Ali, however, was not just an inspiration in the ring. As his career blossomed, he became one of the most high-profile celebrities in the world, championing civil rights and social justice causes. When black people were refused seats in the fronts of buses and denied entry to restaurants, he renounced his birth name of Cassius Clay as his “slave name” and found guidance through the Nation of Islam. Ali’s mission was to reject the pacifism of most civil rights activism of that time and empower the African American community against white racism. His public conversion to Islam in 1964 was a defining moment in his life. Elijah Muhammad, the Nation of Islam leader, renamed him Muhammad Ali, meaning one who is worthy of most high praise.
Many of his critics continued to call him by his birth name, Cassius Clay, but that did not deter Ali from embracing his Muslim faith and beliefs. “I am America. I am the part you wo n’t recognize,” Ali said to his detractors. “But get used to me. Black, confident, cocky; my name, not yours; my religion, not yours; my goals, my own; get used to me.”
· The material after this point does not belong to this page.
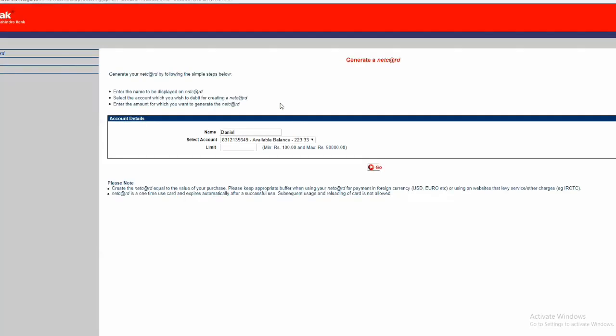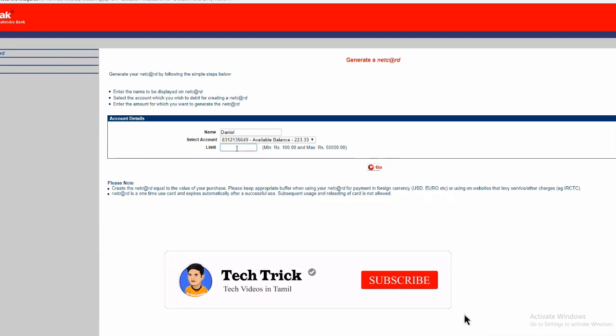In this page, it's showing your account name and your account and limit. In this site you can create a netcard, that is virtual card, minimum amount of 100.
Ali also refused to serve in the Vietnam War in 1967 due to his religious beliefs, saying at the time, “No, I’m not going 10,000 miles from home to help murder and burn another poor nation simply to continue the domination of white slaves.” masters of the darker people the world over.” Ali was found guilty of draft evasion, sentenced to five years in prison and stripped of his heavyweight title.His conviction was eventually overturned, but he was banned from boxing for three years for taking such a bold stance.
Ali was an anti-establishment figure who transcended race, religion and every other barrier that kept the world divided. His battles outside the ring only complemented and highlighted his fights inside the ring. “His greatness of him was his ability to connect with people,” said Roach. “Muhammad Ali was the face of boxing, and in a lot of ways he still is.”